India's industrial production accelerated in December as record investment in factories, roads and power plants boosted demand for cement and steel.
Production at factories, utilities and mines rose 7.6 percent from a year earlier, after gaining a revised 5.1 percent in November, the statistics office said in a statement in New Delhi. Analysts had forecast a 6.9 percent gain.
The pace of increases may not last, with the government citing moderating output as a reason growth will slow this year. Signs of a cooling expansion may prompt Reserve Bank of India Governor Yaga Venugopal Reddy to consider cutting interest rates.
"Capital spending is shoring up industrial output," said D.H. Pai Panandiker, president at RPG Foundation, an economic policy group in New Delhi. "The central bank will be under increasing pressure to reduce rates as the economy slows."
Reddy refrained from lowering rates at the Reserve Bank's last monetary policy announcement on Jan. 29 on concern rising oil and food prices would stoke inflation. Wholesale prices, which rose 4.1 percent in the last week of last month, don't reflect last year's 57 percent increase in crude oil costs.
The government on Thursday said India's economy may expand 8.7 percent in the 12 months to March 31, the weakest pace in three years, because of slowing manufacturing. Growth was 9.6 percent in the last financial year.
Higher borrowing costs are prompting consumers to postpone purchases. Bajaj Auto Ltd, India's second-largest motorcycle maker, posted a 16 percent drop in sales last month, its 12th straight month of declines.
ABN Amro Bank NV's purchasing managers' index indicated manufacturing growth recovered in December from the previous month and fell again last month to the lowest level since September.
Indian Finance Minister Palaniappan Chidambaram was to meet chairmen of state-run banks yesterday to find ways to reduce interest rates and boost consumer demand. Industrial production growth last year averaged 10.1 percent.
In response to the minister's call last month for lower rates, State Bank of India, the nation's biggest by assets, on Monday cut its benchmark prime lending rate by 25 basis points to 12.5 percent.
"The cumulative impact of monetary tightening will soften industrial activity in the coming months," said Rajeev Malik, senior economist at JPMorgan Chase & Co in Singapore. "Higher capital expenditure and infrastructure spending will likely be key offsetting factors."
Economists are split whether the central bank will immediately start cutting its benchmark rate because inflation stoked by higher oil and food costs presents a threat.
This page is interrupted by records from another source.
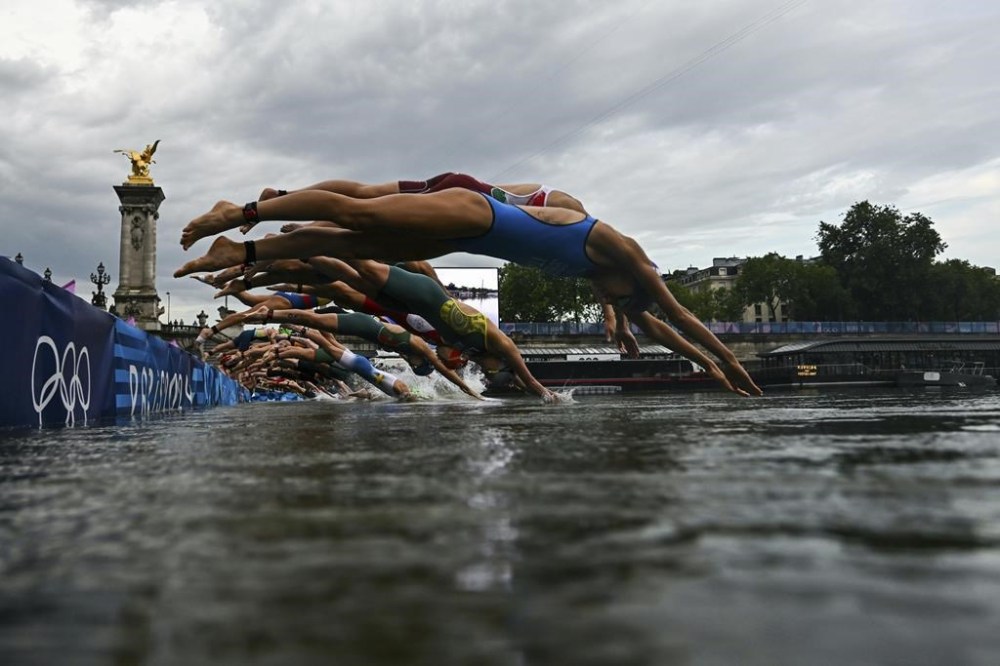 Athletes compete in the swimming race in the Seine during the women's individual triathlon at the 2024 Summer Olympics, Wednesday, July 31, 2024 in Paris, France. (Martin Bureau/Pool Photo via AP)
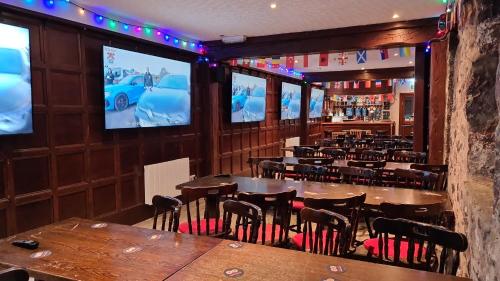 a dining room with tables and chairs and televisions at The Stag Hotel in Banchory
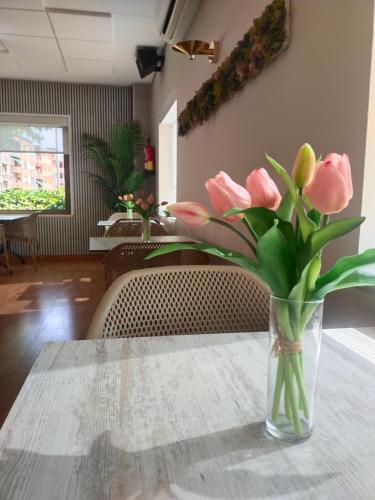 a vase of pink flowers sitting on a table at Hostal Buenos Aires in Tremp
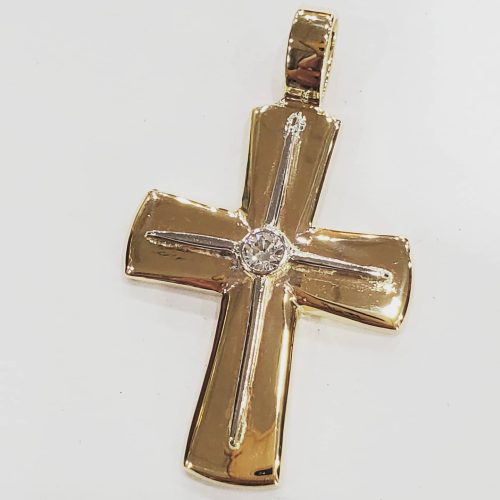 14k yellow gold cross pendant with a white gold star accented bezel set diamond.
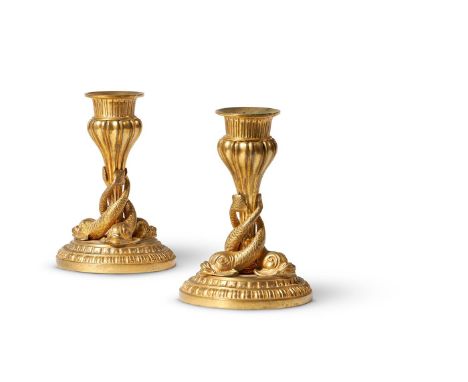 A PAIR OF FRENCH EMPIRE REVIVAL GILT BRONZE CANDLESTICKS  LATE 19TH CENTURY  Entwined dolphin supports, numbered 304 to under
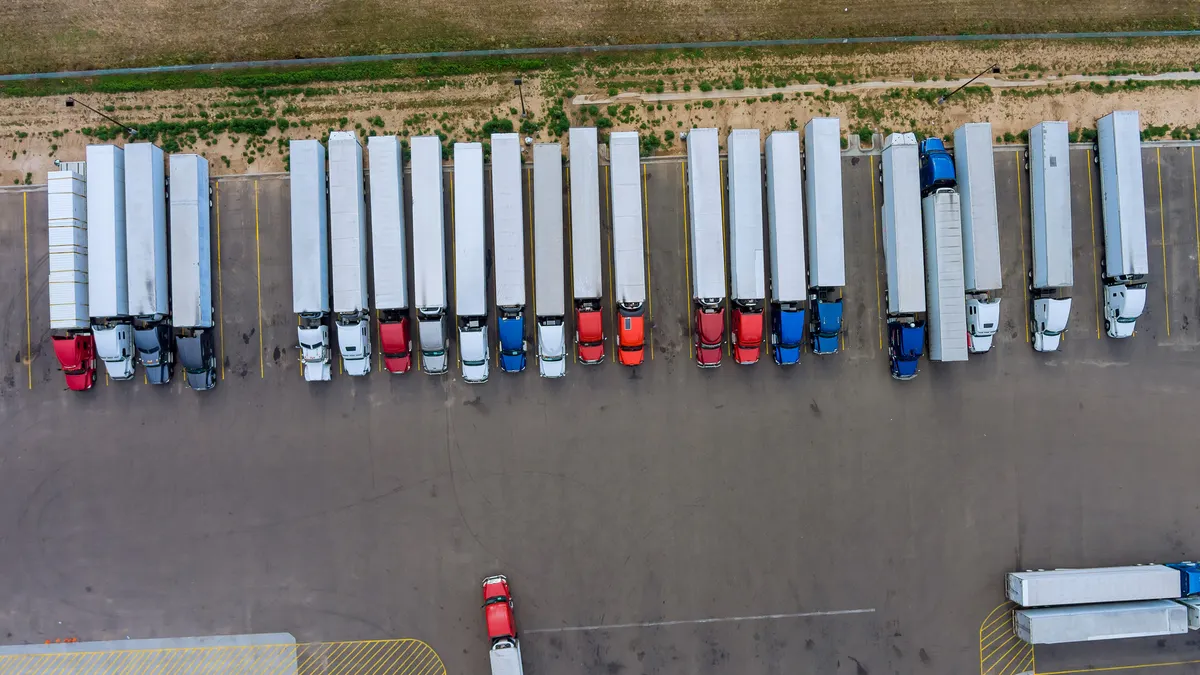 Trucks stand in a row at the rest area on the highway in aerial view.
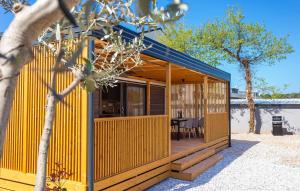 a yellow house with a table and a tree at Batana Mobile Home in Banjole
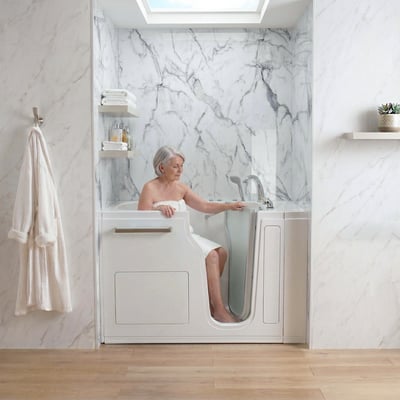 Senior woman wrapped in a towel seated inside the Ella Ultra walk-in tub with glass door and stainless steel accents in a marble bathroom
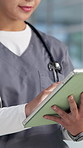 Hospital, nurse and hands of woman on tablet for online results, medical service and research. Healthcare, clinic and person typing on digital tech for surgery schedule, diagnosis and patient report
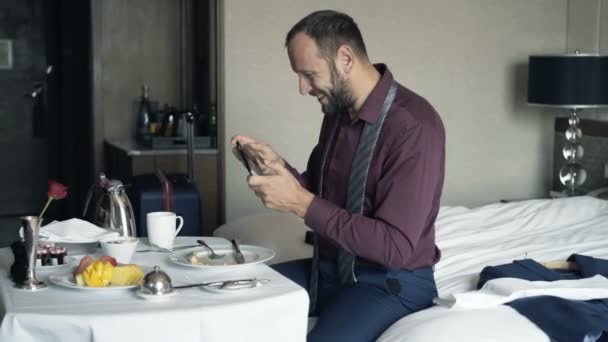 電話でゲームをホテルで朝食中に遊ぶ若い 幸せなビジネスマン — ストック動画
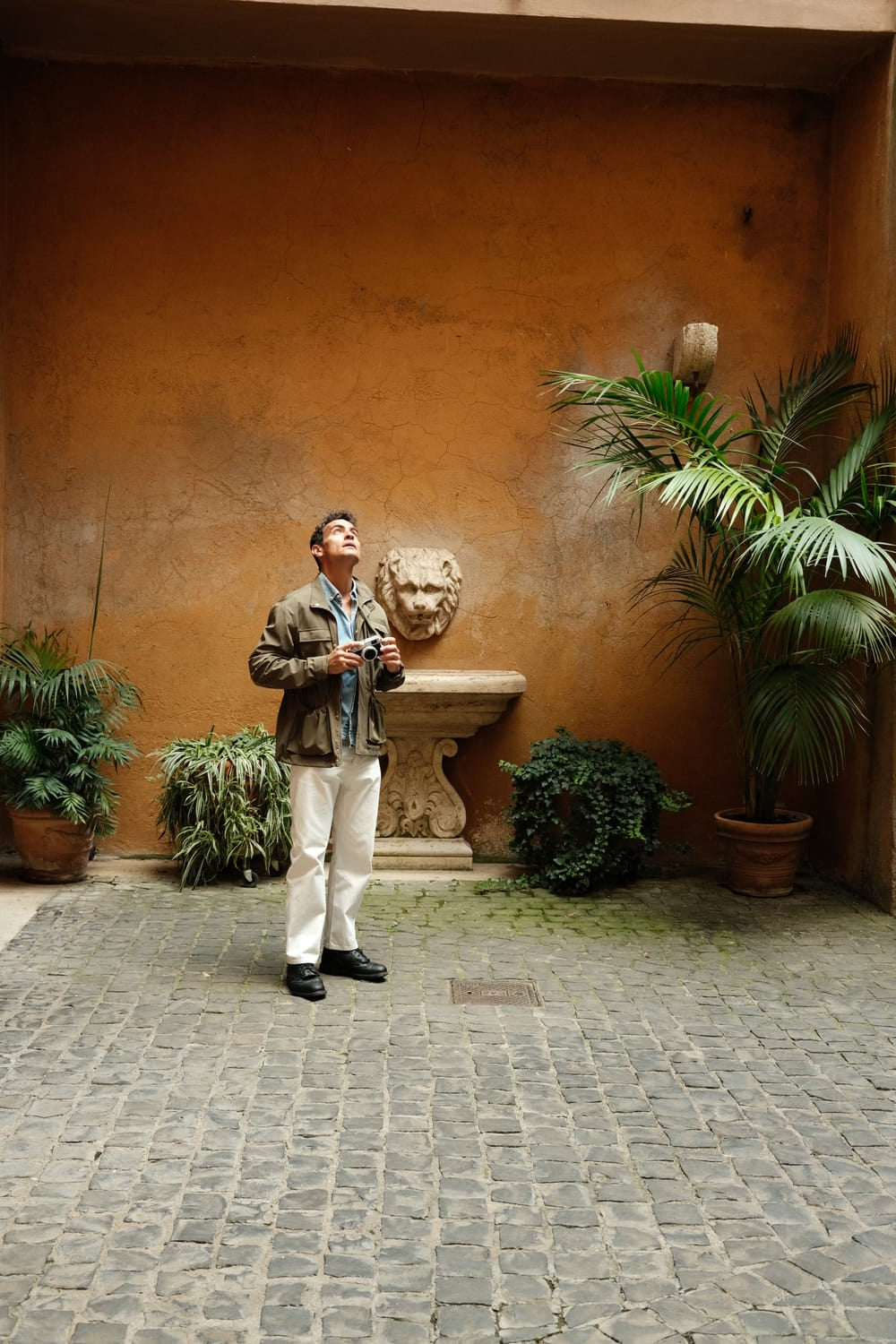 1954 Amalfi Mechanical by AV86 worn with layered casual attire in historic courtyard, evoking timeless Mediterranean elegance and exploration spirit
Six of nine economists surveyed by Bloomberg News last month said Reddy would maintain the repurchase rate at 7.75 percent -- the highest in six years -- in the next monetary policy statement on April 29.
Indian Prime Minister Manmohan Singh's government is spending 1.34 trillion rupees (US$34 billion) in the year ending March 31, a 40 percent increase over the previous year, on roads, ports and power plants.
Companies are also expanding, encouraged by India's economic growth and on optimism rising incomes will stoke higher demand. Automakers, including General Motors Corp and Suzuki Motor Corp, are spending more than US$6.6 billion to build new factories in the South Asian nation.